What do you think about this? Am I being naïve here to suggest we just walk away from hoping government funding will ever fully be reinstated? What's your real-world experience with museum finances, and what do you think our future will look like, as a sector? I'd love to know through comments here, or resources you can point out to me. THIS is a critical museum topic that I would really like to explore and figure out . . . got any tips? I'd truly love to hear them.

Thursday, March 3, 2011

Pondering Mu$eum Finance$, Part 1

Times, they are a-changin' . . .

Museum people talk a lot about a number of sector issues, such as remaining relevant to our communities, and about the definition of museums. I don't want to say we're too much into navel gazing, but we do regularly ponder whether or not we should be all about:

  • presentation or preservation?
  • being the community's authority or facilitator?
  • creating didactic or interactive exhibitions?
  • organizing research opportunities or running educational initiatives?
But the biggest real-world pressure in museums these days, the thing that keeps us up at night and worrying what tomorrow will look like is: Where on earth are we gonna find the money to pay for what we do and what we deliver?

Ya, truth, it's a universal fact that we gotta pay the bills in order to do what we do. Museums have done their best to cut costs for at least the past 15 years, and we are at bare bones in many places.

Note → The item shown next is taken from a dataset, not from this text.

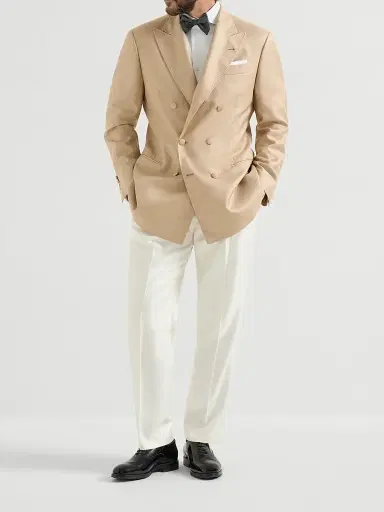 Brunello Cucinelli Men's Silk Diagonal Tuxedo Trousers with Pleat and Waist Tabs | Thumbnail 6 Brunello Cucinelli Men's Silk Diagonal Tuxedo Trousers with Pleat and Waist Tabs | Thumbnail 6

There have been staffing, collections care, and facility cutbacks to the point were institutions are struggling to survive at all — and some just may fail. That's scary.

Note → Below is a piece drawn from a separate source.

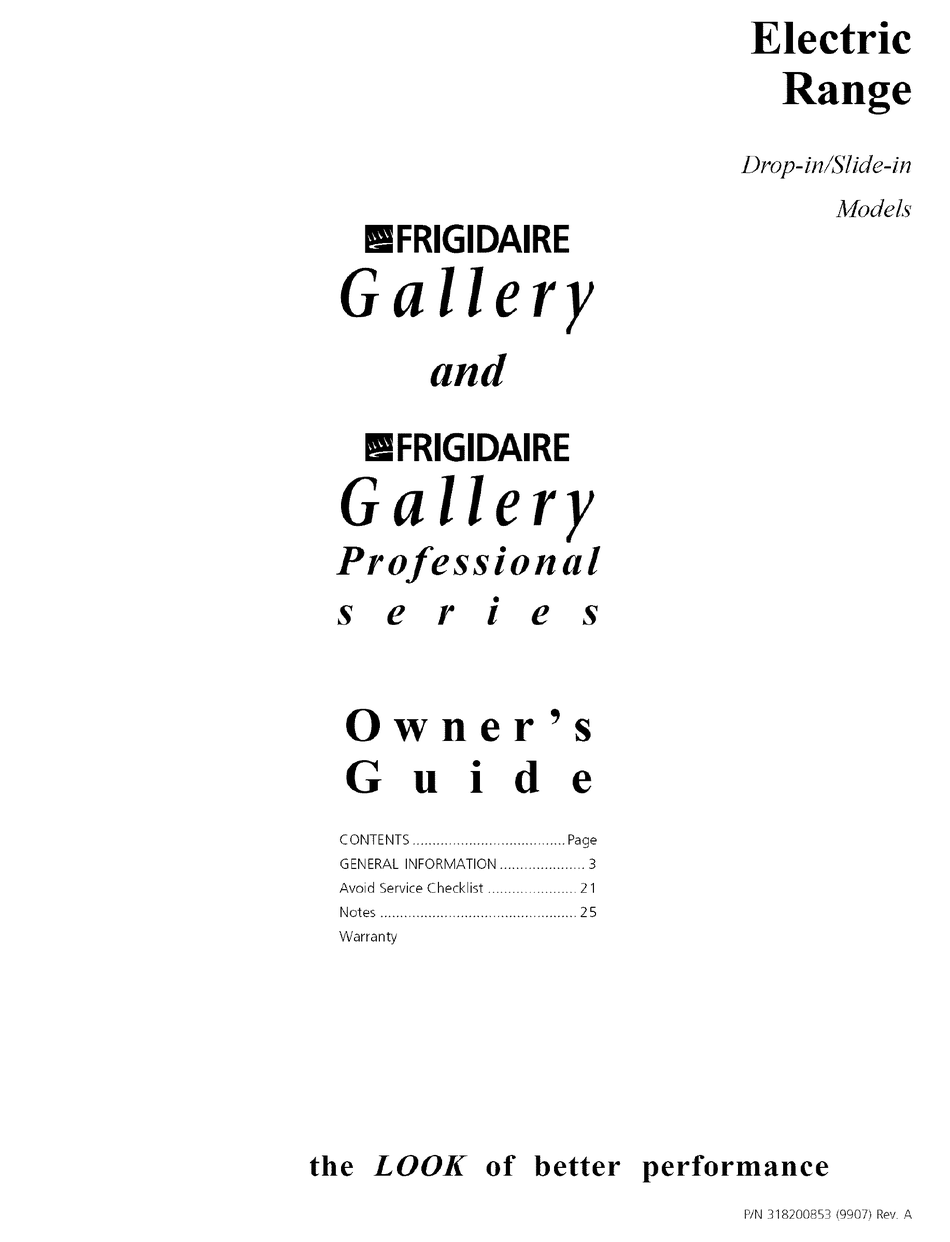 Frigidaire Gallery Series Owner S Manual Pdf Download Manualslib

There has been great discussion and uproar recently over the fact that government entities — local, regional and national — just can't keep paying for museums. It seems we're seen as a luxury when there are 'bigger' issues such as unemployment, housing, health care, homelessness, the economy in general, and on and on. You can just feel the lack of empathy for our budget situation in letters to the editor such as this one questioning a museum's plan to upgrade its site. And we're not alone here in Canada with these struggles: both Great Britain and
 the U.S. are experiencing a watershed moment regarding the massive cutbacks that are moving forward faster than you can say 'there's only one taxpayer and there's no money for museums in our budget'. 
 But it is simply not sustainable to think that museums can keep going on like this, with the hopes that museums might get more funding from the government again 'one day' and we just need to ride out these lean times. Somethings gotta give.

Personally, I think the days are close to over where we should even consider money coming from our governments. Museums can state again and again to the powers-that-be that we are caring for the heart of our communities through exhibitions and collections care, but I don't think the politicians have the resources to help us fund this noble cause. And I want to believe it's not because our governments don't care about our heritage and culture, but it's more because they have to deal with the issues that are literally much more in their face. I hate it that museums are considered the gravy of what life has to offer, but discussions about social housing is going to trump funding museums every time. (Caveat: Do trust me that I will call out to those governments who are being wasteful and irresponsible if they have the funds to support museums yet choose to 'forget' them. I am not just going to let them walk away from us, but I do see there's not a lot of wiggle room for governments to support us as much as they once did.)


So what do we do about all this worry about money? Stick our head in the sand and pretend it's not a problem? Cut programs? Cancel plans? Lay off (more) staff? Freeze positions after staff leave
 or retire? Find a Sugar Daddy? Give up and close the doors (and cry)??